Your goal:
Within the entries below, the lines from the one with "University Finance.の写真素材" through the one with "Yamaha XVS1100 Drag Star Classic - Vista 7" are to be set down exactly, both ends kept.

====== Records

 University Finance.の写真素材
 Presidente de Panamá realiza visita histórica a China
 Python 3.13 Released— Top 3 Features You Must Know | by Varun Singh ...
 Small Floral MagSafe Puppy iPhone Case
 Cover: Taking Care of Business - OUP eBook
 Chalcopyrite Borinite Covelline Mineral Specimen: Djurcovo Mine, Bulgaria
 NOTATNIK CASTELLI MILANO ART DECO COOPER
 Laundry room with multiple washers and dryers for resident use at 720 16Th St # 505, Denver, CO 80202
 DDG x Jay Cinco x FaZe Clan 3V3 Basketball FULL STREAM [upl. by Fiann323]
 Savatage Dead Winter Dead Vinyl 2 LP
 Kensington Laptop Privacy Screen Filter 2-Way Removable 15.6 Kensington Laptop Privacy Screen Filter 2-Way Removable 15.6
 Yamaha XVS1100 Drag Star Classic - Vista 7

============
====== Records

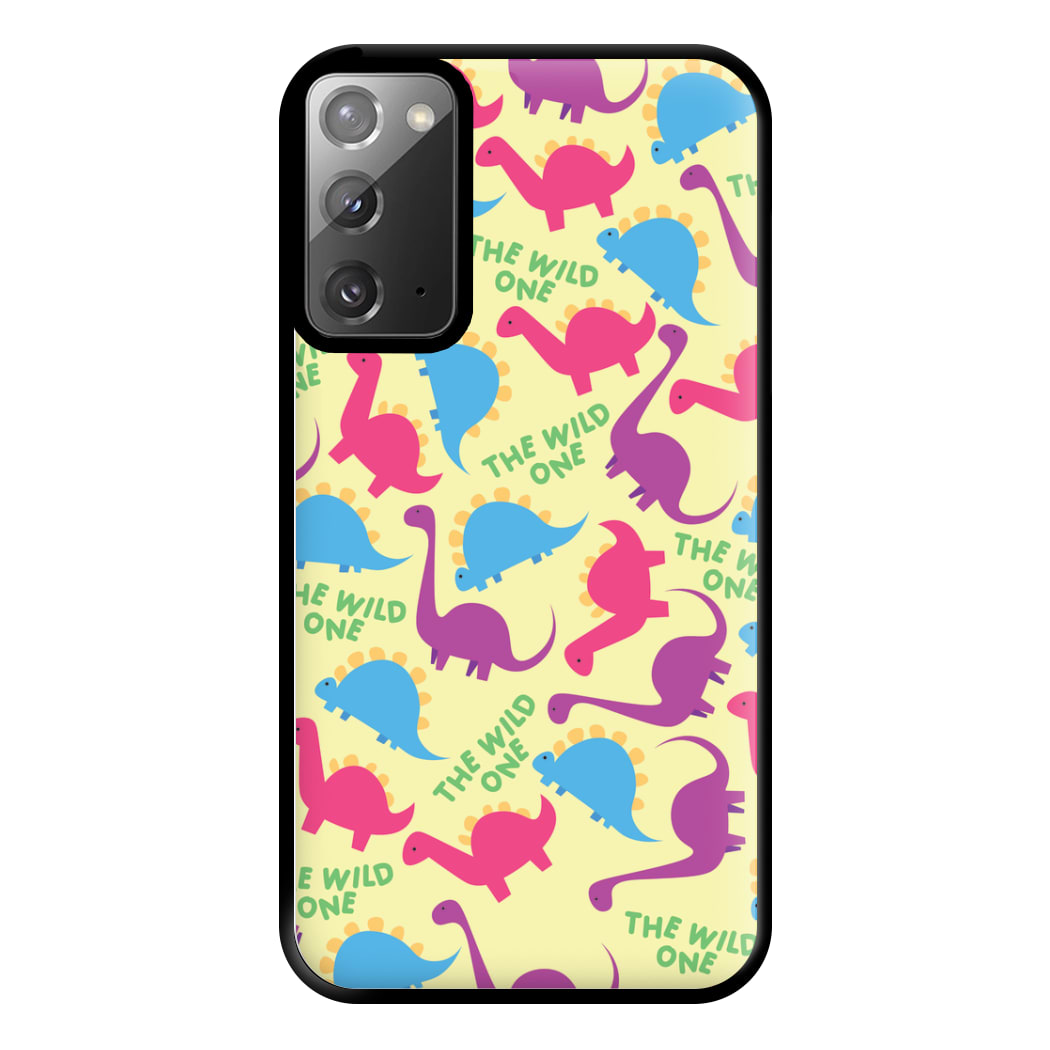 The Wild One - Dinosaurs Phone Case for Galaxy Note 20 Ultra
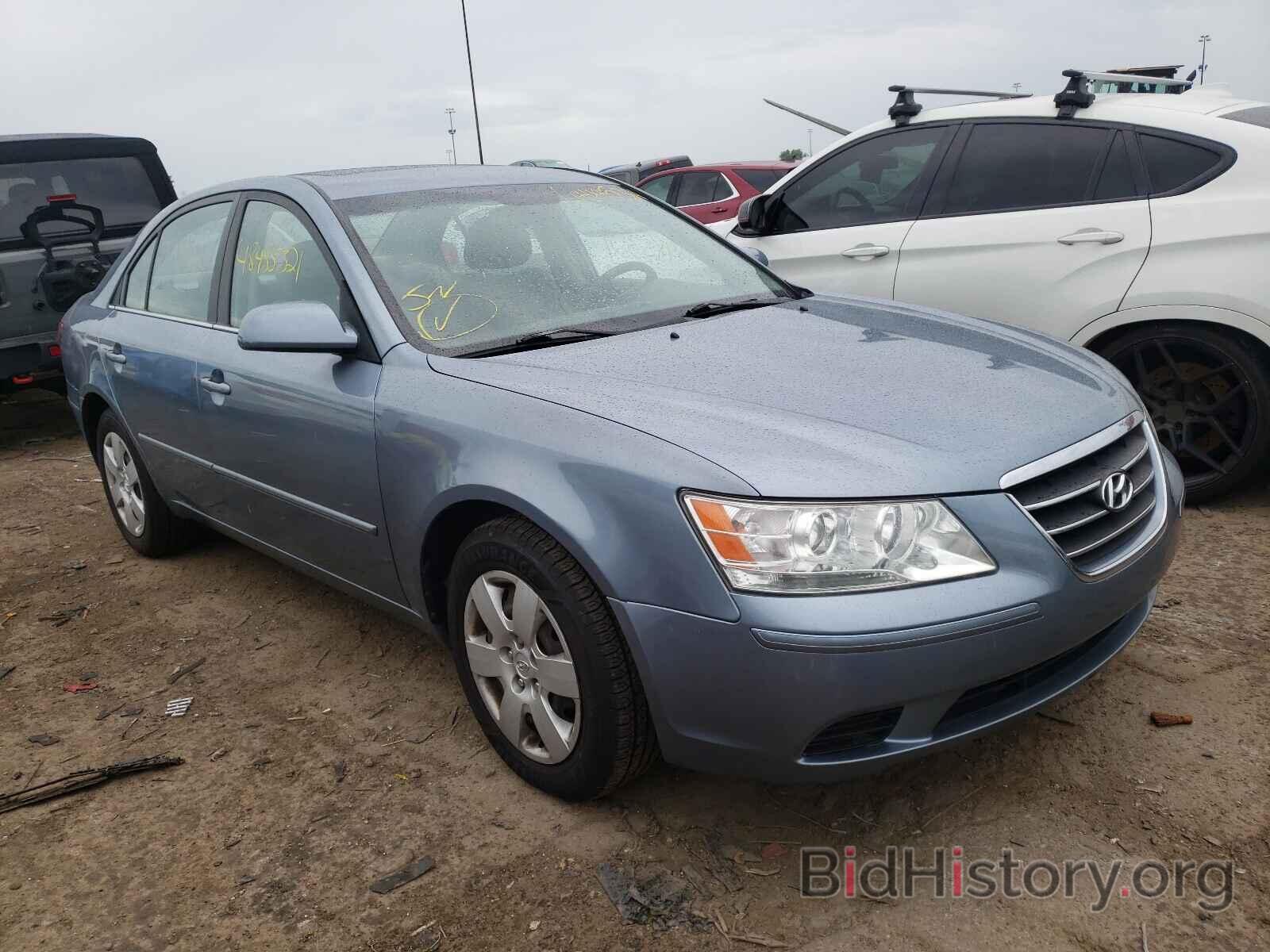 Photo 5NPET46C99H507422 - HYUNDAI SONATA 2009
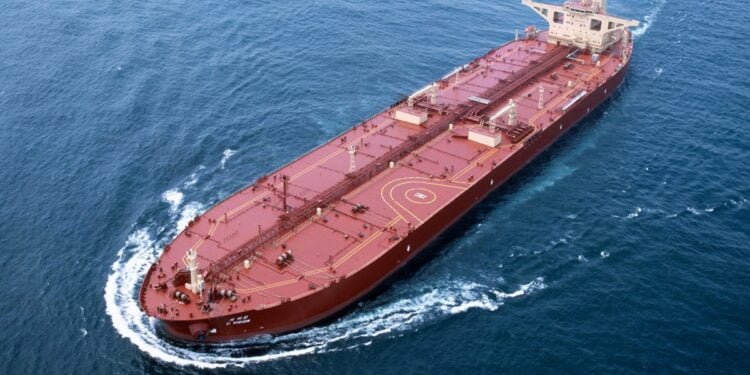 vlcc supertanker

============
====== Records

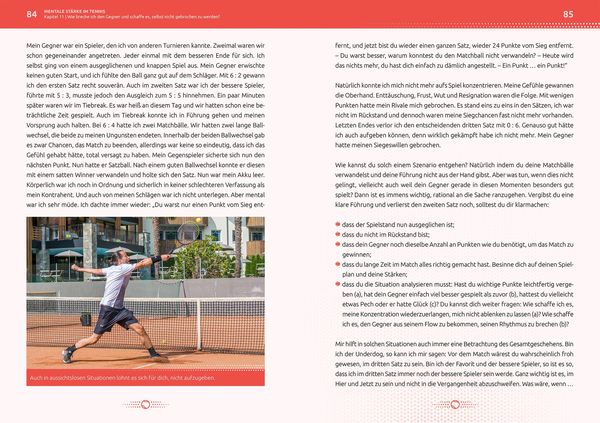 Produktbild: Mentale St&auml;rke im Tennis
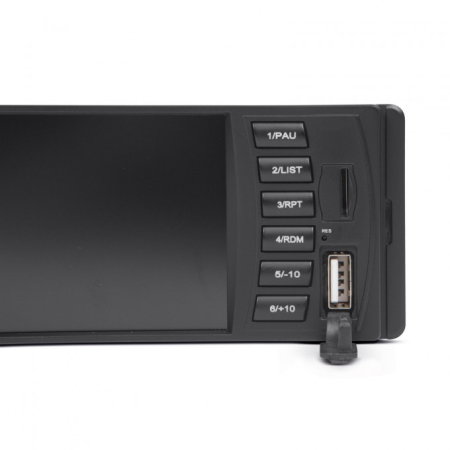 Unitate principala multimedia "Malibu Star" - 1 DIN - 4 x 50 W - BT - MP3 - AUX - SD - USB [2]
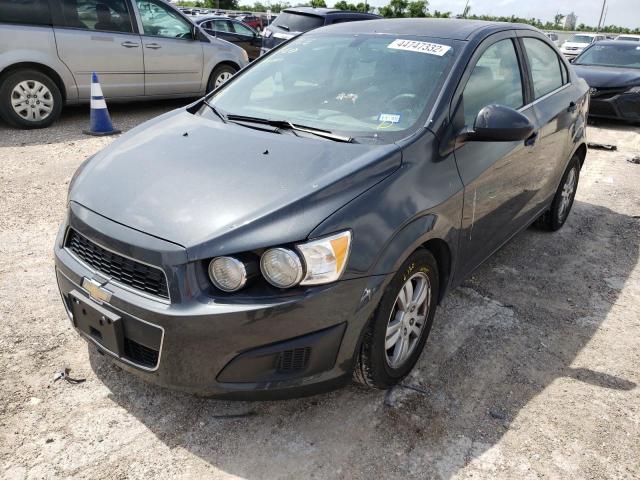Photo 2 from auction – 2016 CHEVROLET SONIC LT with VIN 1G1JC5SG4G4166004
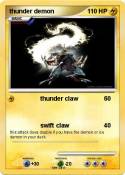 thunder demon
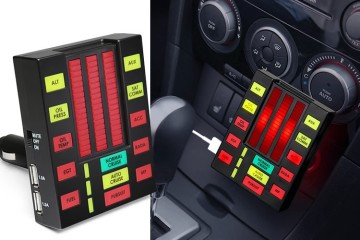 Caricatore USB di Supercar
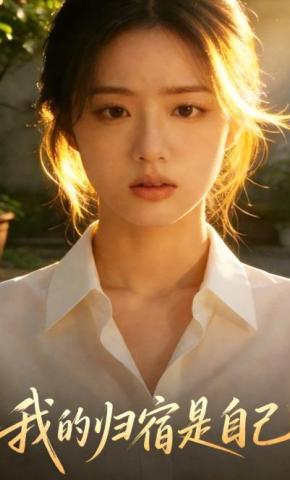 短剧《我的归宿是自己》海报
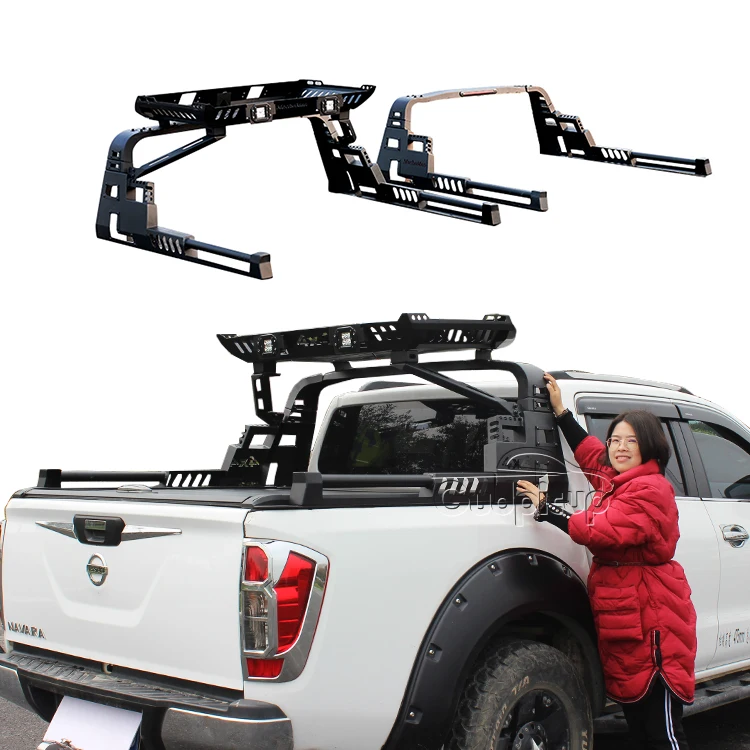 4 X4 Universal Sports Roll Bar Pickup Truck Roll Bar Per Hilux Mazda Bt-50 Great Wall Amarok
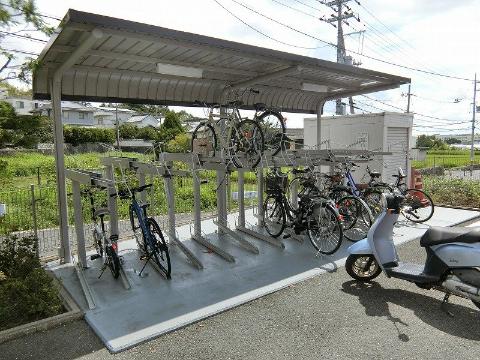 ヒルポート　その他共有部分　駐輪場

============

Answer section:
 University Finance.の写真素材
 Presidente de Panamá realiza visita histórica a China
 Python 3.13 Released— Top 3 Features You Must Know | by Varun Singh ...
 Small Floral MagSafe Puppy iPhone Case
 Cover: Taking Care of Business - OUP eBook
 Chalcopyrite Borinite Covelline Mineral Specimen: Djurcovo Mine, Bulgaria
 NOTATNIK CASTELLI MILANO ART DECO COOPER
 Laundry room with multiple washers and dryers for resident use at 720 16Th St # 505, Denver, CO 80202
 DDG x Jay Cinco x FaZe Clan 3V3 Basketball FULL STREAM [upl. by Fiann323]
 Savatage Dead Winter Dead Vinyl 2 LP
 Kensington Laptop Privacy Screen Filter 2-Way Removable 15.6 Kensington Laptop Privacy Screen Filter 2-Way Removable 15.6
 Yamaha XVS1100 Drag Star Classic - Vista 7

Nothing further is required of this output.